Obamacare’s health insurance exchanges offer four “metallic” levels of health plans: bronze, silver, gold, and platinum.  Bronze plans cover 60% of benefits, meaning consumers will be responsible for higher out-of-pocket expenses such as co-pays, co-insurance, and deductibles.  Meanwhile, platinum plans come with the most expensive premiums but cover 90% of benefits.

Along with the metallic coverage levels, catastrophic plans still exist despite Obamacare’s bloated health plan obsession.  Catastrophic plans, however, are for the most part only available to consumers under age 30.  Subsidies are not offered to eligible individuals wishing to purchase these these bare-bones plans, nor does the Obama Administration really discuss this option. Keeping mum avoids a potential disruption of the exchange’s necessary balanced risk-pool among subsidized metallic plans.  A recent Politico article explains:

The catastrophic plans are treated as an insurance risk pool that’s separate from the rest of the new Obamacare marketplace, according to Massachusetts Institute of Technology health economist Jon Gruber.

The administration wants as many people as possible to sign up in that marketplace — especially young, healthy ones — so pushing too many toward the catastrophic option undercuts that goal.  

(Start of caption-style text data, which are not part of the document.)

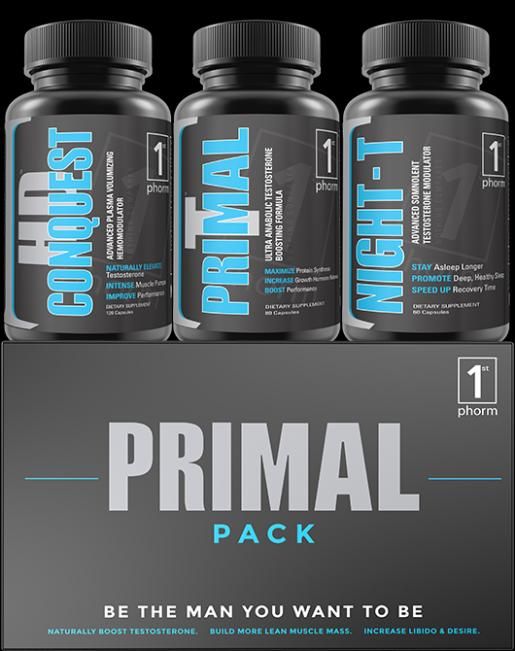 Primal Growth Testosterone Booster Primal Growth Testosterone Booster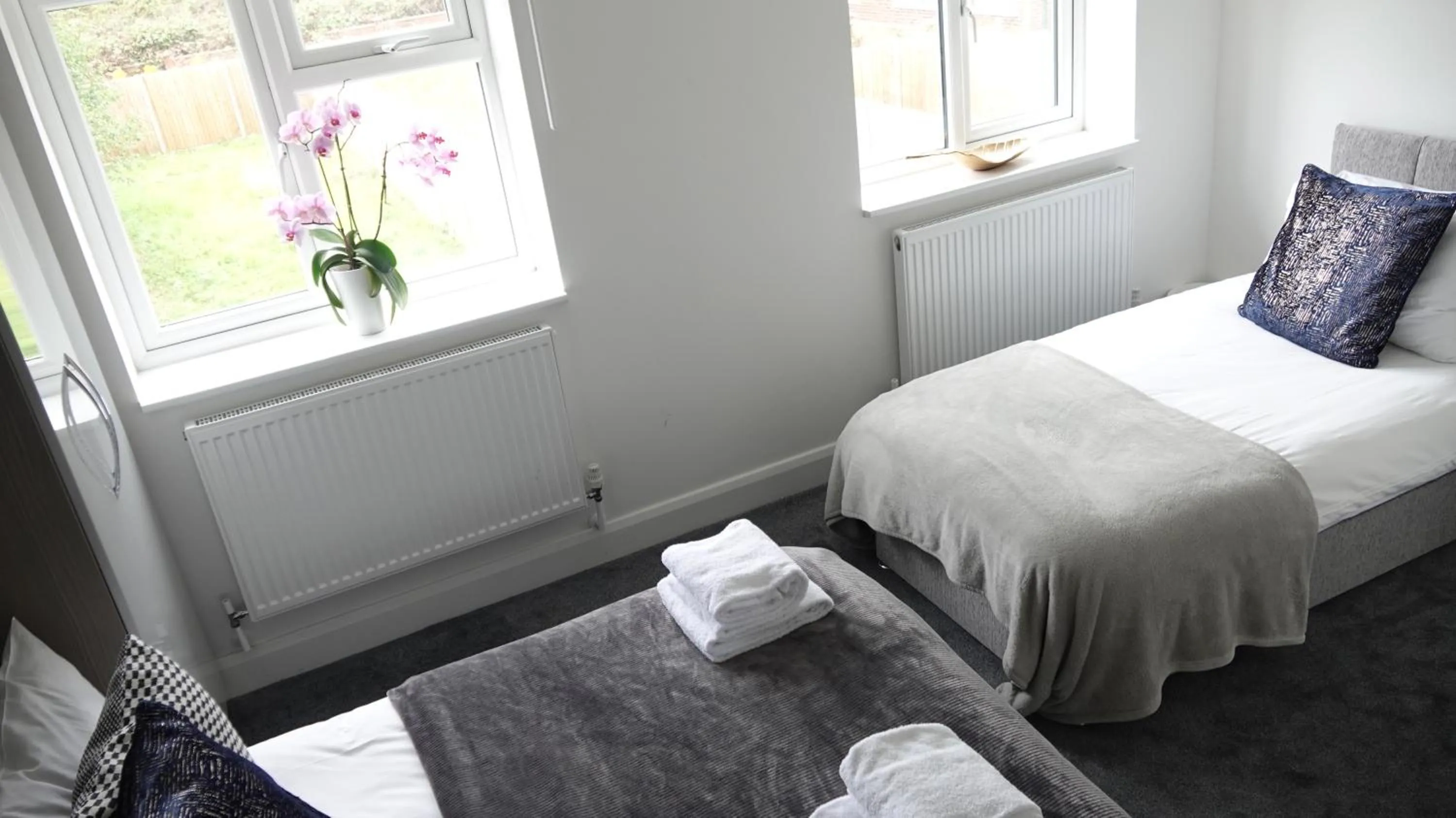 Bed in The Hatton Rooms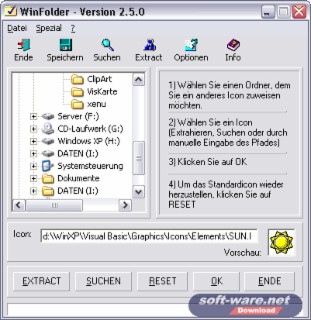 WinFolder Screenshot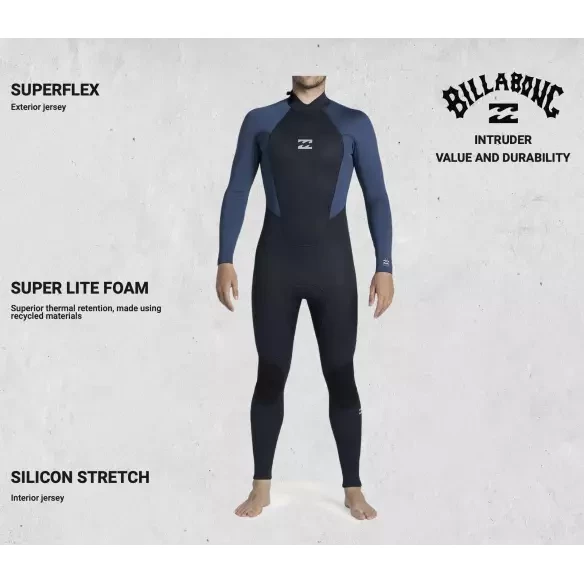 neopreen Billabong Indringer 5/4mm BZ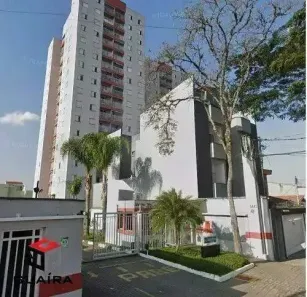 Apartamento com 3 Quartos à venda, 58m² no Vila Homero Thon, Santo André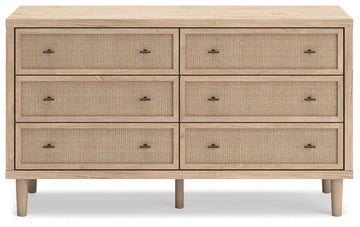 Cielden Tan Dresser - Ornate Home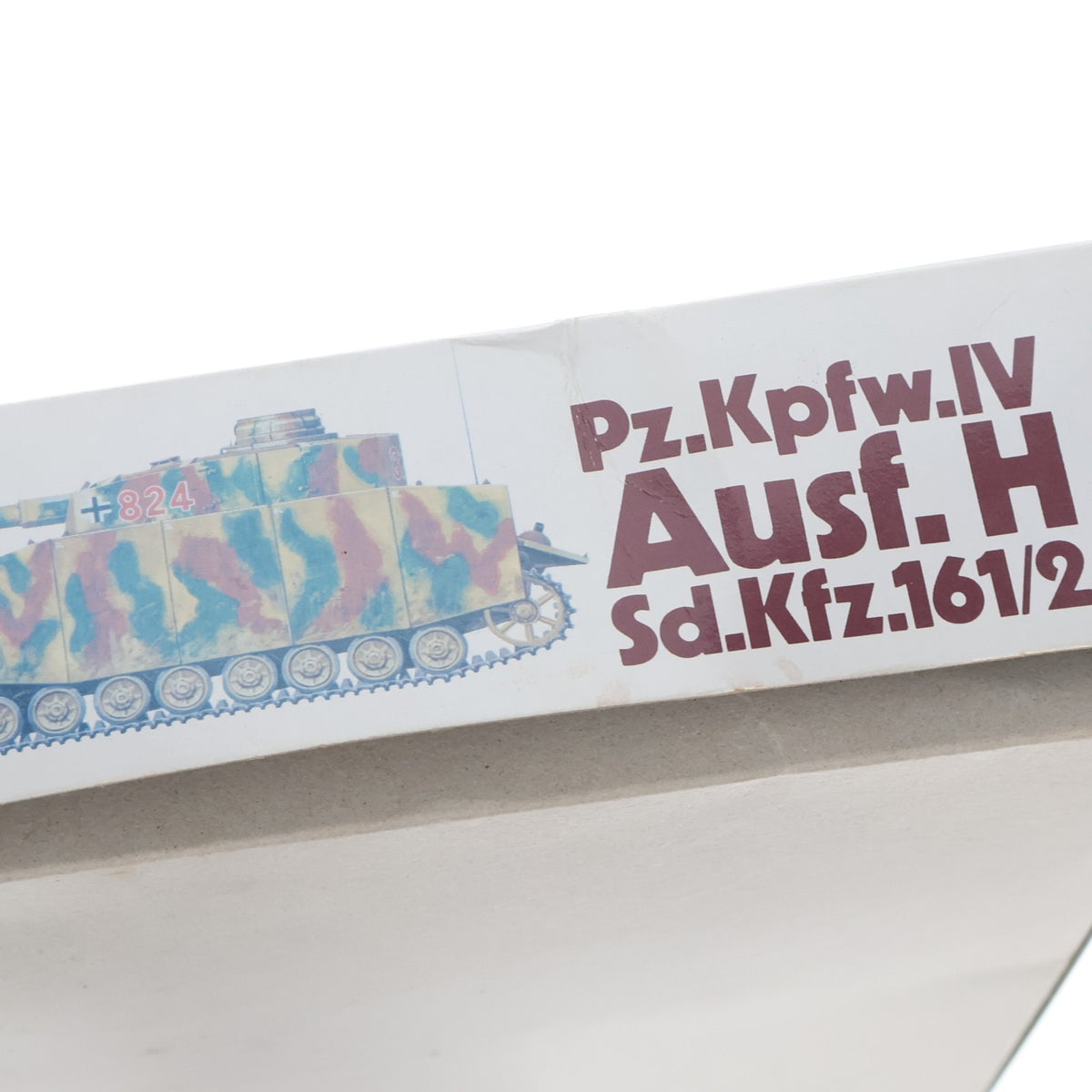 【中古即納】[PTM] No.18 1/48 ドイツ 4号戦車H型 プラモデル(0055599) バンダイ(19961231)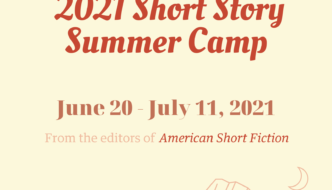 Register Now: 2021 Short Story Summer Camp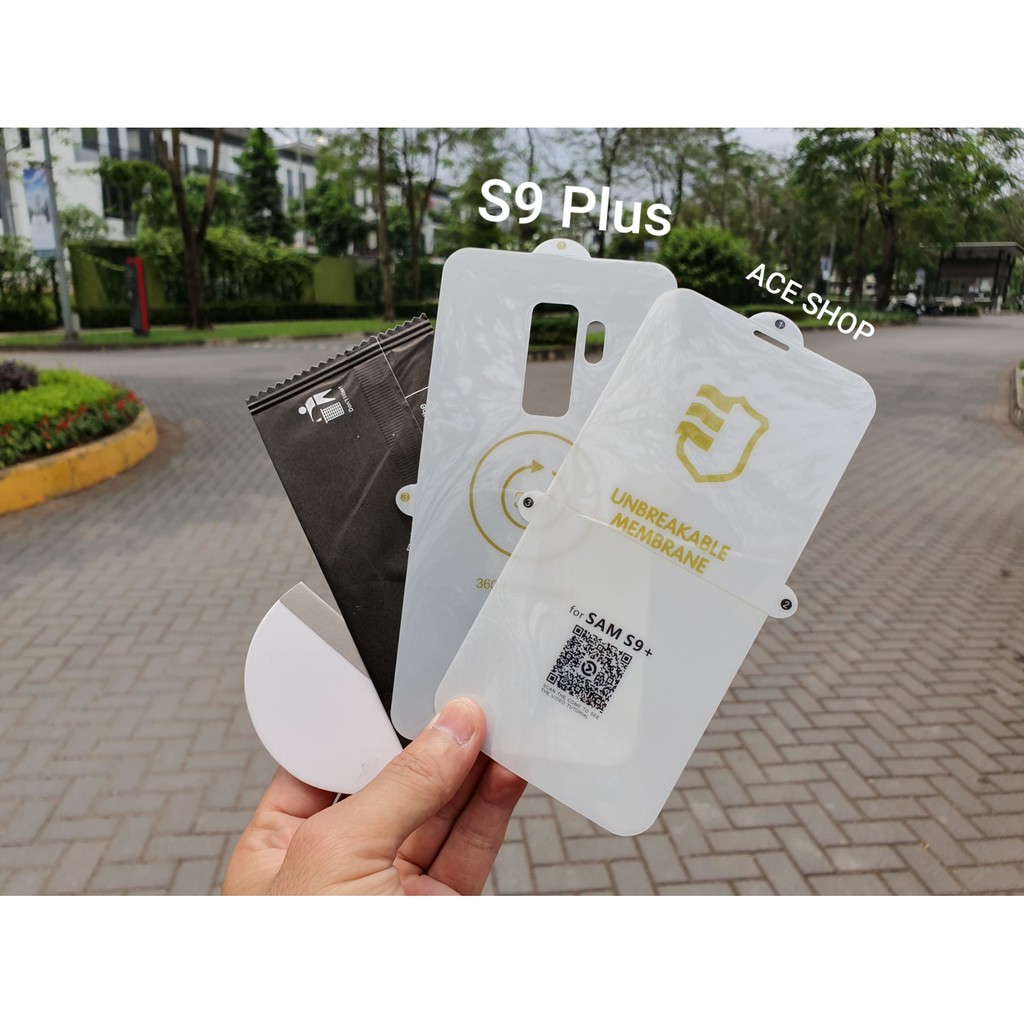 Dán film dẻo PPF Note8,Note9,Note10+,S7edge,S8, S8+, S9,S9+,S10,S10+,S10e full màn cong , bám dính tốt, chống bong mép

For the exchanges to remain financially afloat, a significant chunk of their consumers need to be young and healthy individuals ages 18-34.  The White House projects that, of its anticipated 7 million exchange consumers by March 2014, 40% must be young invincibles.  This population will most likely be drawn to the most inexpensive plans – either catastrophic or bronze.  It sure would help out the administration if they ditched the catastrophic plans.  Will they go for the bronze?